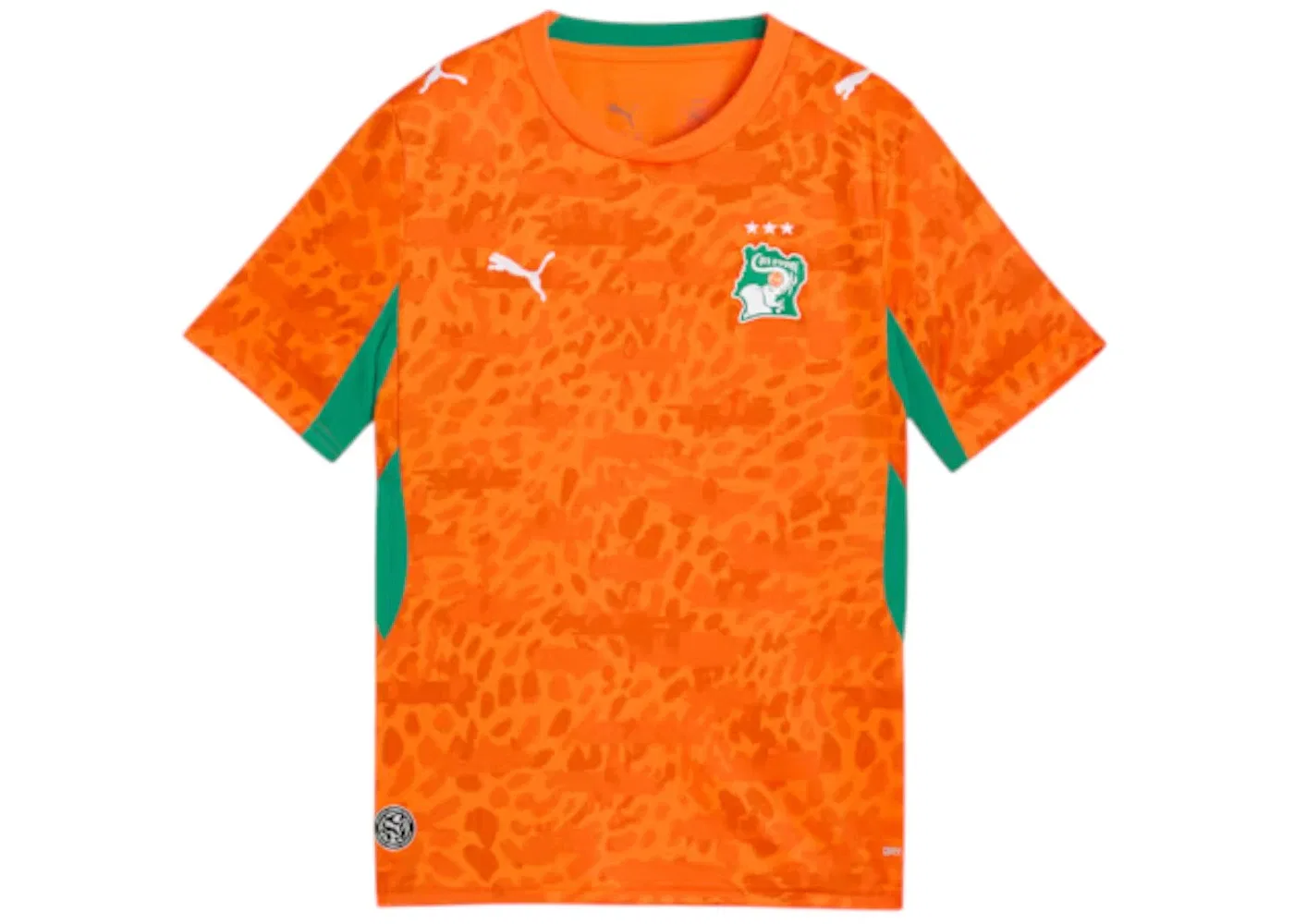 Детская футбольная джерси Puma Cote d'Ivoire Home Big Kids' Jersey, Rickie Orange/Sport Green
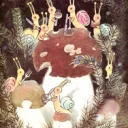 snail coven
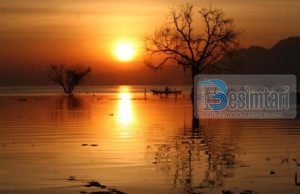 Smira dhe shoqëria e sotme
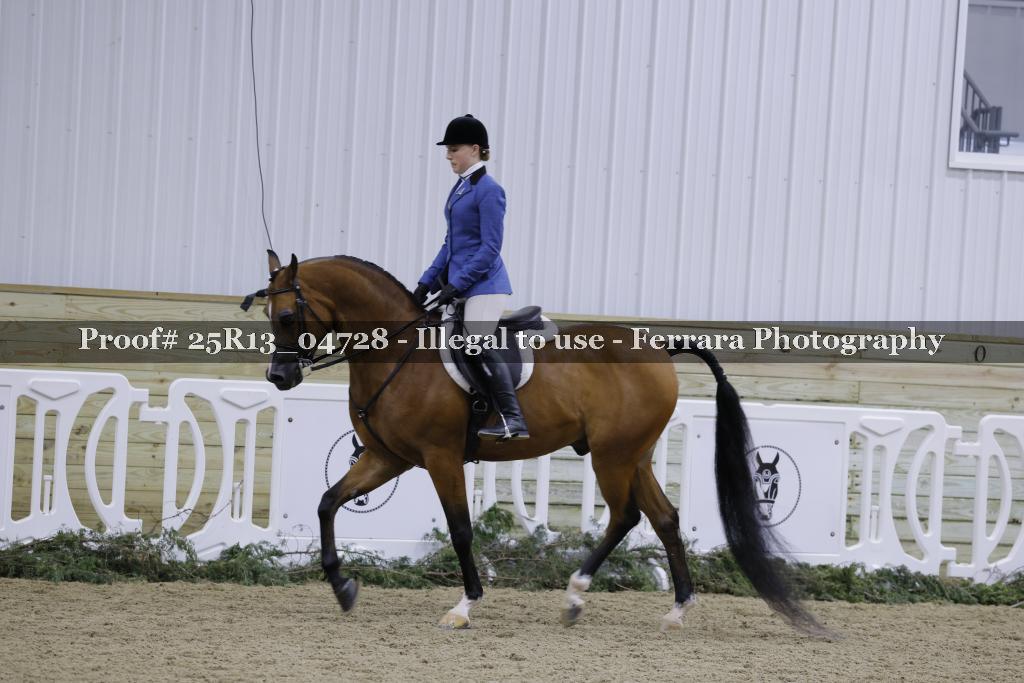 Proof Number 25R13_04728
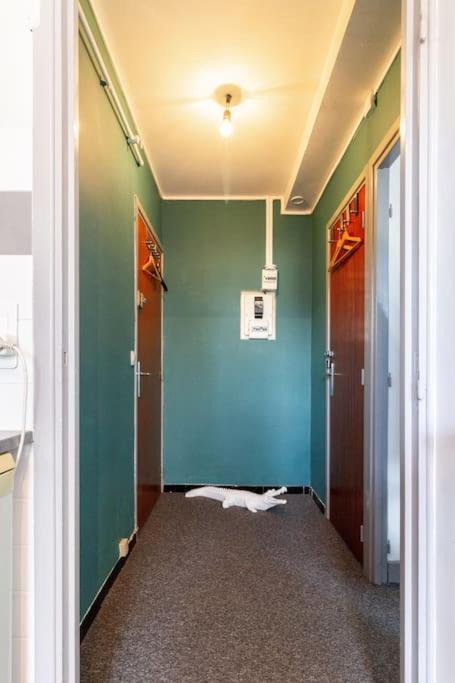 Double Appartement, Saint Michel, Parking, Wifi *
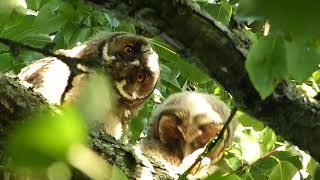 Vroege Vogels  Jonge ransuilen op de camping [upl. by Esinrahc]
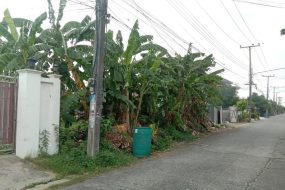 出售地皮-泰国-巴吞他尼-280-平方米-183.69-01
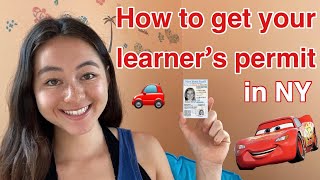 learn to drive HOW TO GET YOUR LEARNERS PERMIT IN NEW YORK  Alexia Kaybee [upl. by Ahsitaf]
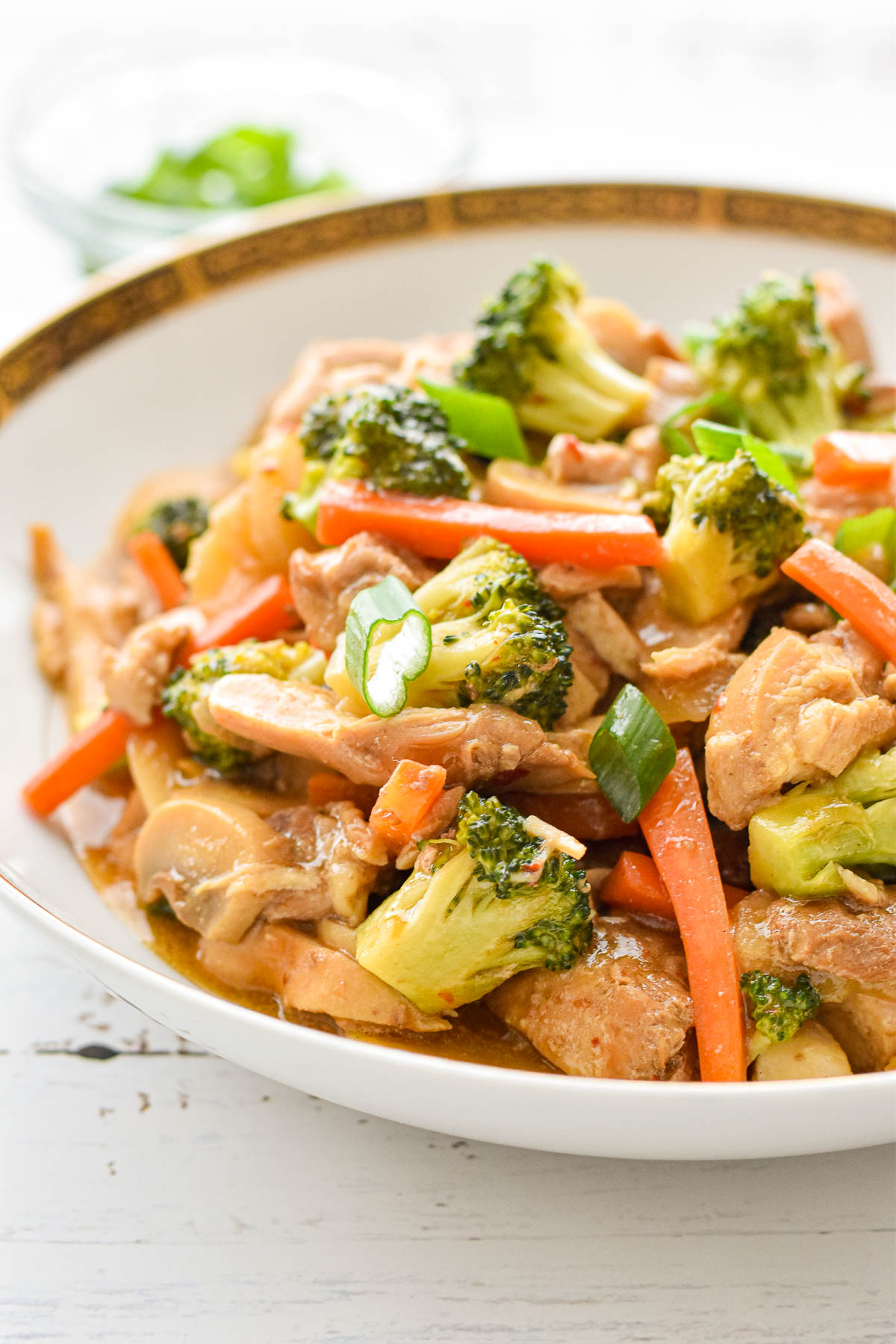 low fodmap low carb chicken stir fry with chopped broccoli, carrots, mushrooms, water chestnuts and scallions in a white bowl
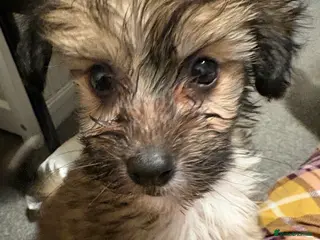 Chinese Crested dogs Stunning Chinese Cresteds - Advert 2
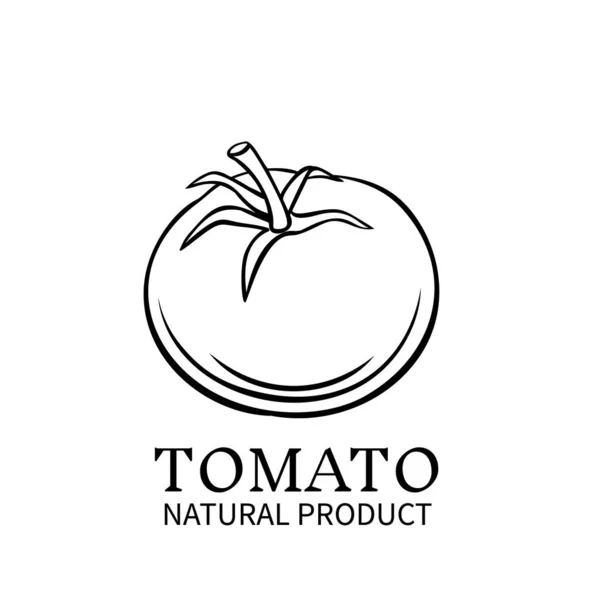 Icono Tomate Dibujado Mano Insignia Vectorial Vegetal Viejo Estilo Tinta — Vector de stock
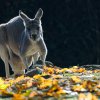 Foto Petr Hamerník, Zoo Praha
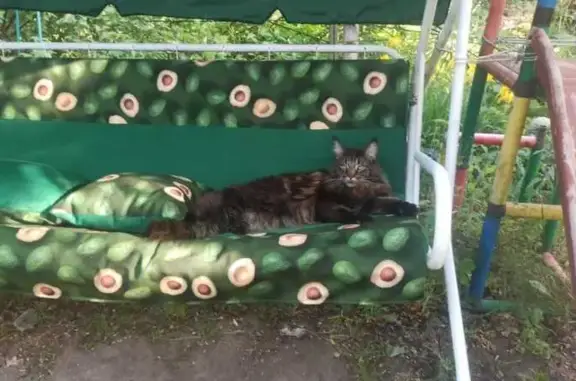 Объявления о пропавших и найденных животных, Орехово-Зуевский городской округ, фото: Пропал Мейн-Кун, Московская обл.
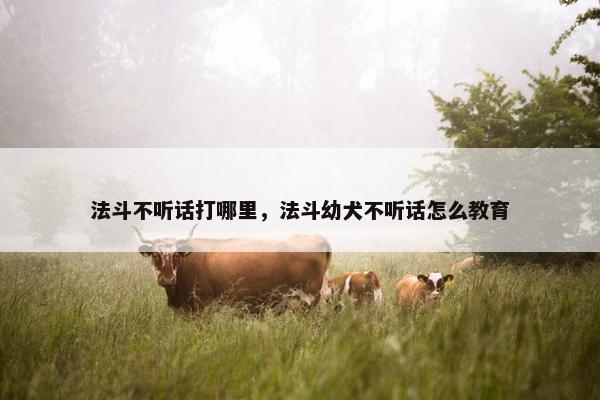 法斗不听话打哪里，法斗幼犬不听话怎么教育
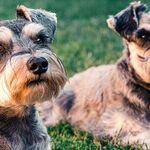 Communication Has Gone to the Dogs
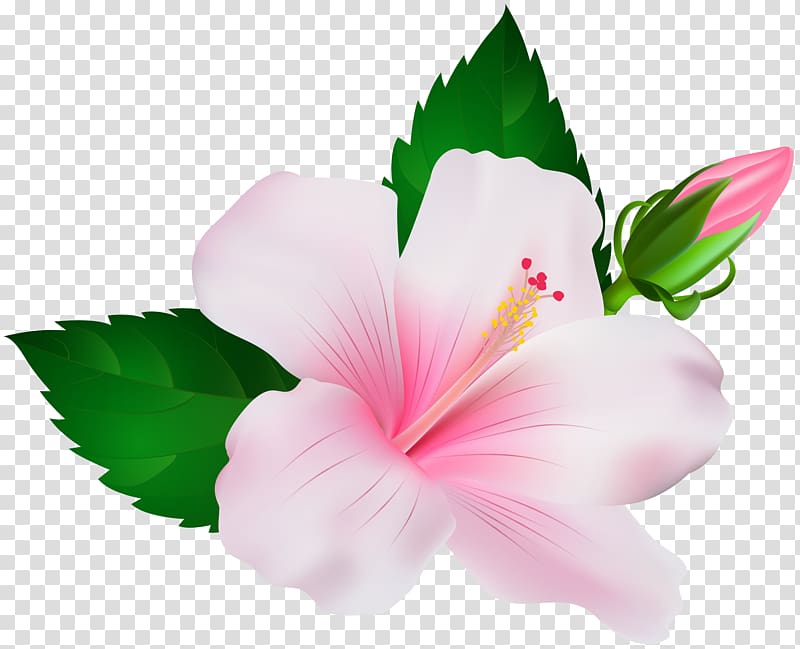 pink hibiscus illustration, Shoeblackplant , Hibiscus transparent background PNG clipart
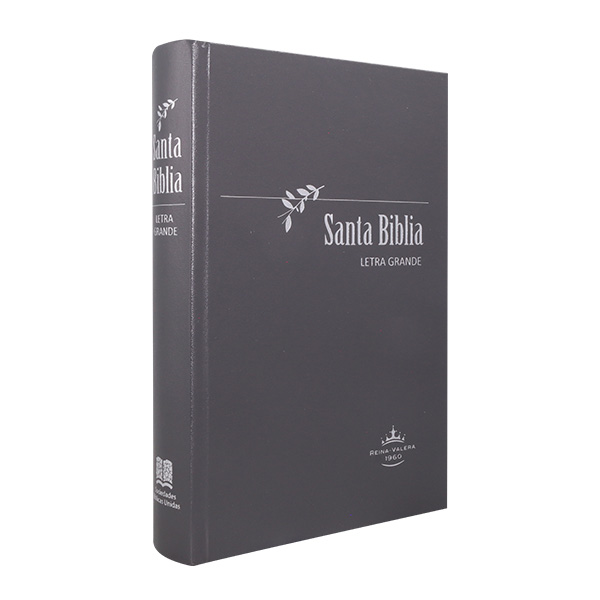 Biblia Reina Valera 1960 Mediana Letra Grande Tapa Dura Gris [RVR063LG PY] 
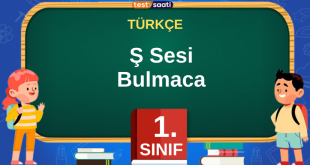 Ş Sesi Bulmaca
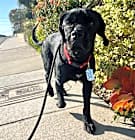 Photo of Barnabus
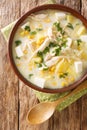 Chupe Andino is a traditional soup made from shredded chicken, cheese, vegetables and cream closeup in the plate. vertical top Royalty Free Stock Photo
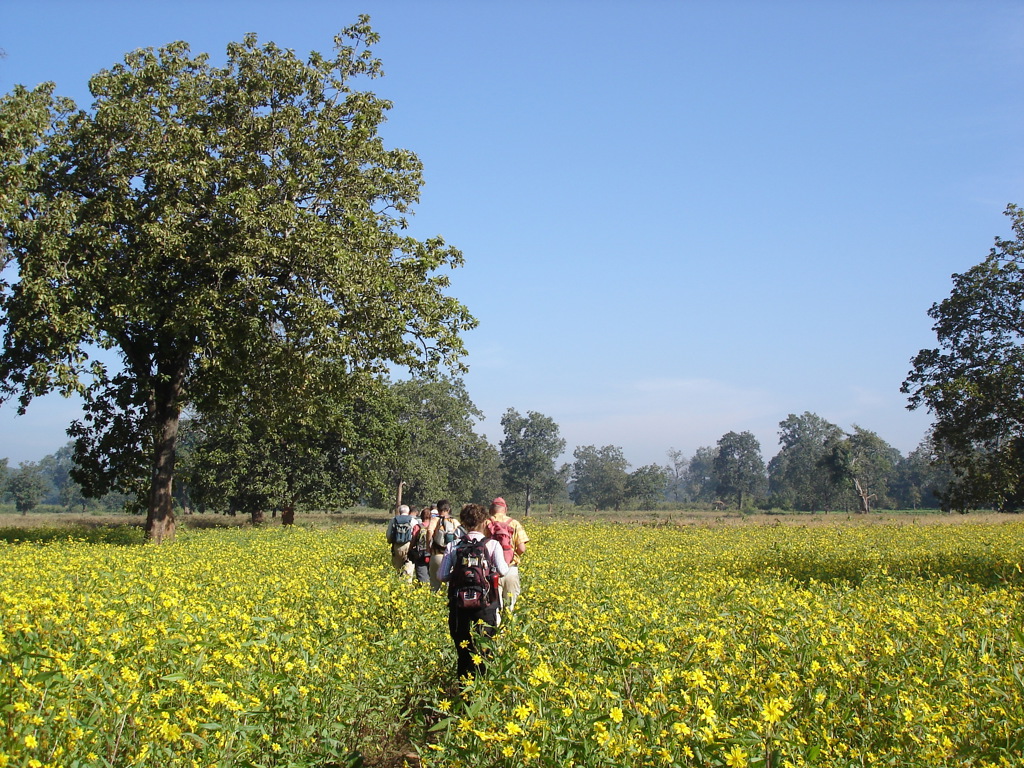 Groepsrondreis India Orissa: wandelaars met rugzakken door een veld gele bloemen onder een heldere blauwe lucht.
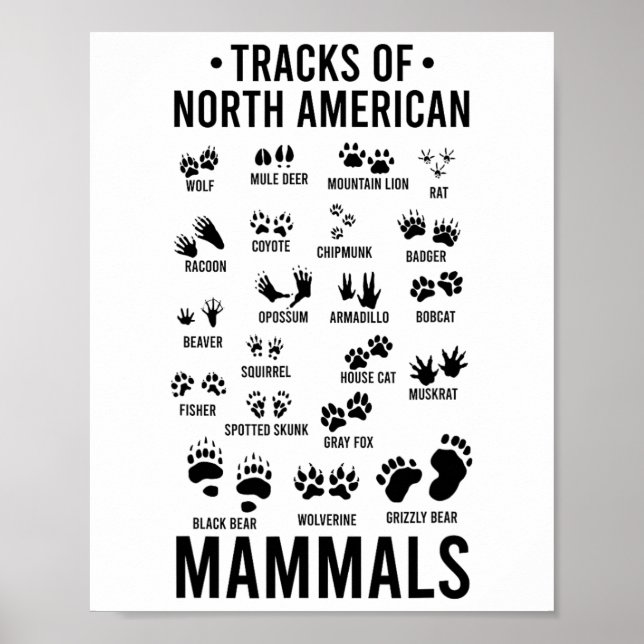 Poster Pistes d'animaux sauvages de mammifères nord-améri (Devant)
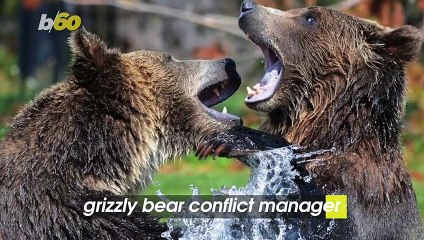 A Government Agency is Looking to Pay ‘Grizzly Bear Conflict Manager’ up to $100K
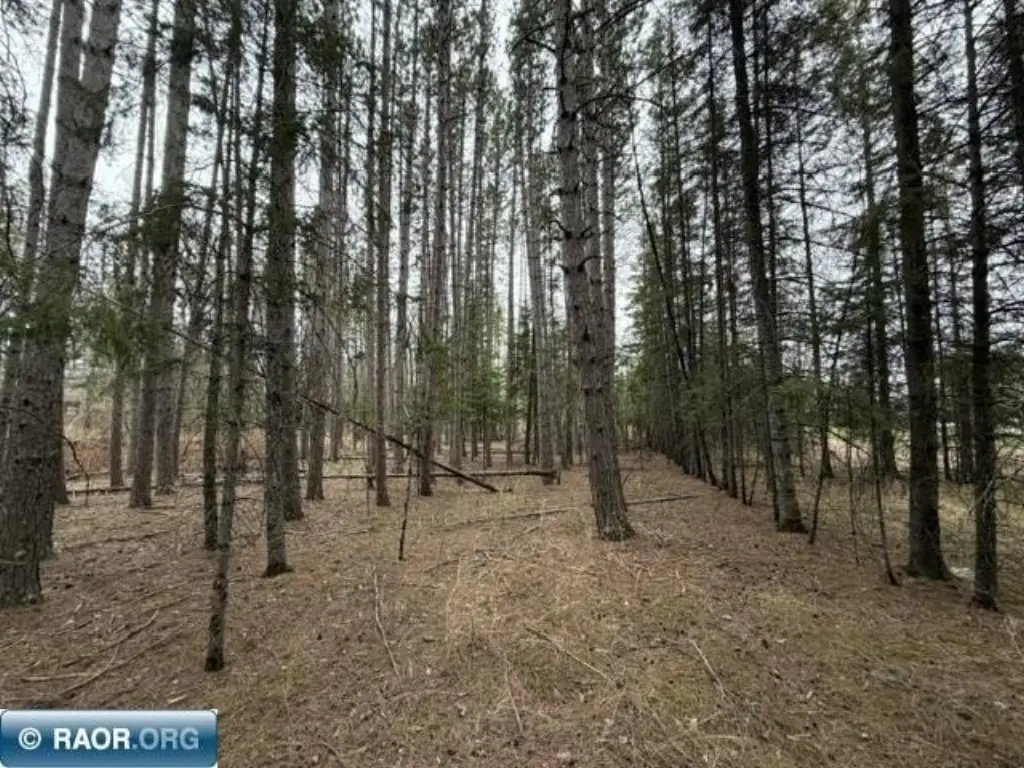 Picture 14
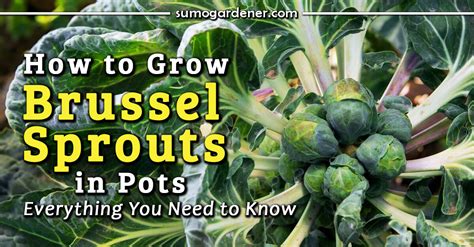 How To Grow Brussel Sprouts In Pots Everything You Need To Know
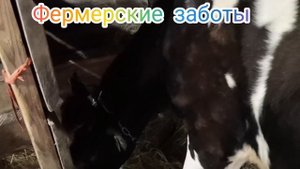 У коровы висит водяной пузырь в районе пупка. Что это такое?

TASK OBJECTIVE
Print, exactly as written, the lines from the one containing "How To Grow" to the end of the material, both ends included, and nothing else; no pictures.

RESPONSE
 How To Grow Brussel Sprouts In Pots Everything You Need To Know
 У коровы висит водяной пузырь в районе пупка. Что это такое?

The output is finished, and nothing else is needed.